[[ Dataset extract, beginning ]]

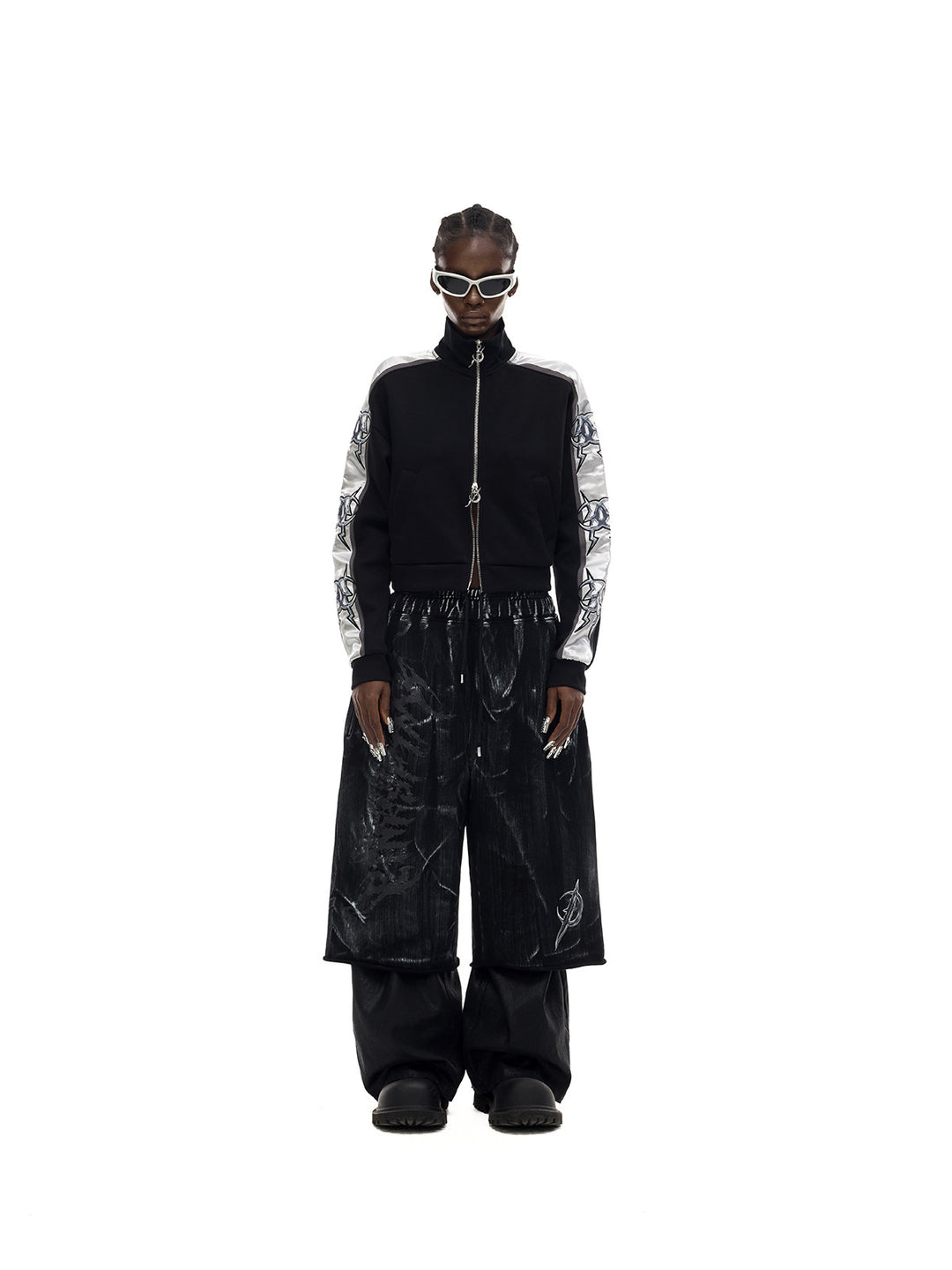 PINKSPINK MIRROR silver-panel zip jacket in black and silver — front full-length modeled view with trousers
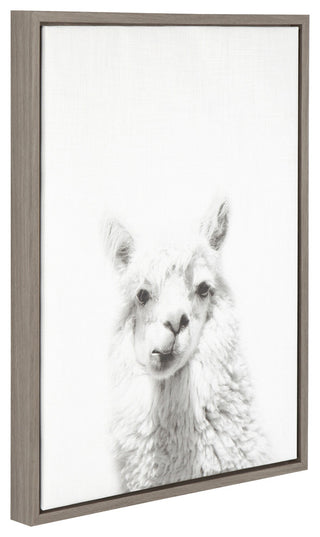 Alpaca Portrait Black and White Framed Canvas Wall Art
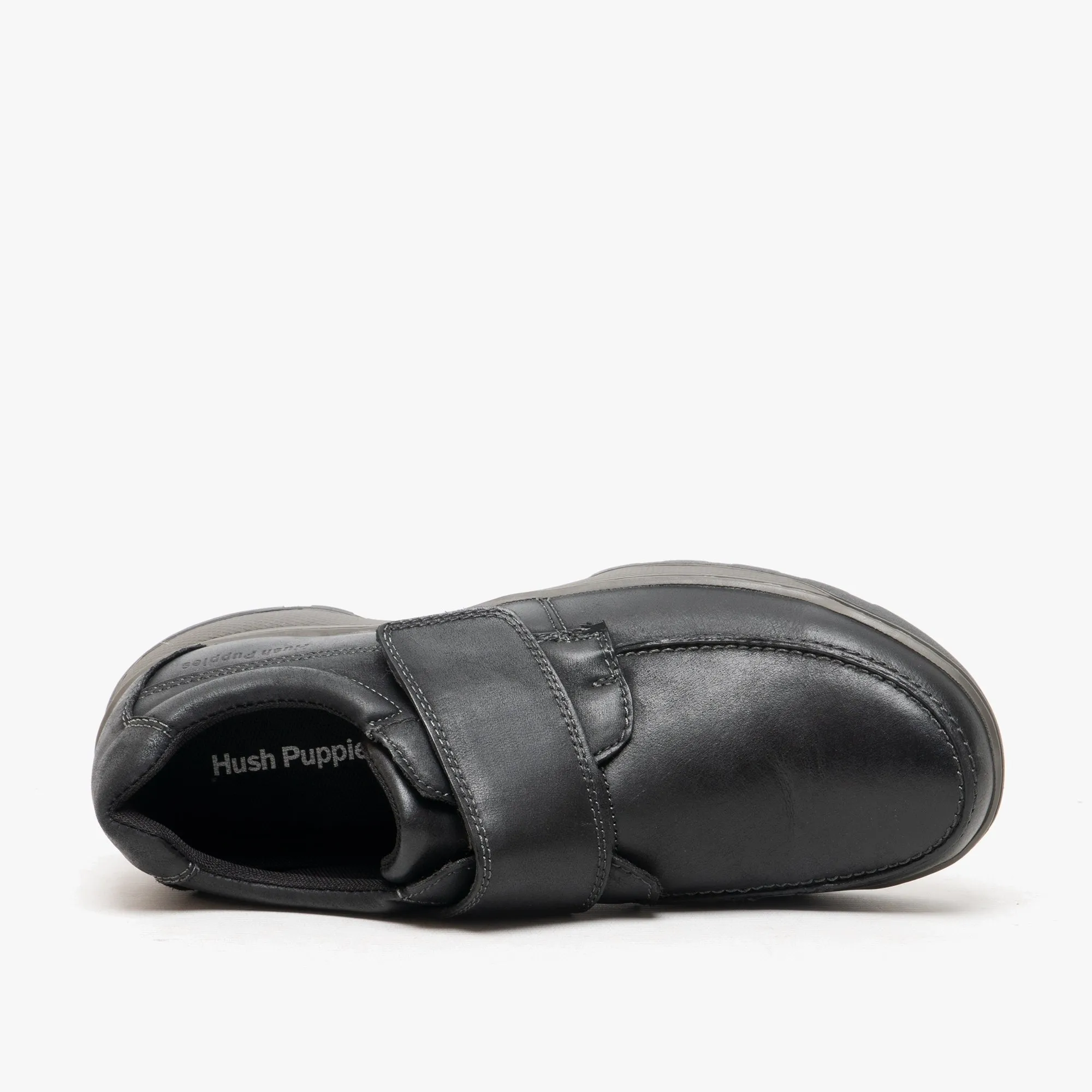 CASPER Boys Leather Touch Fasten Shoes Black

[[ Dataset extract, end ]]

Your task => Only the pictures are dropped. Otherwise, write out the listing exactly.

Task response =>
 PINKSPINK MIRROR silver-panel zip jacket in black and silver — front full-length modeled view with trousers
 Alpaca Portrait Black and White Framed Canvas Wall Art
 CASPER Boys Leather Touch Fasten Shoes Black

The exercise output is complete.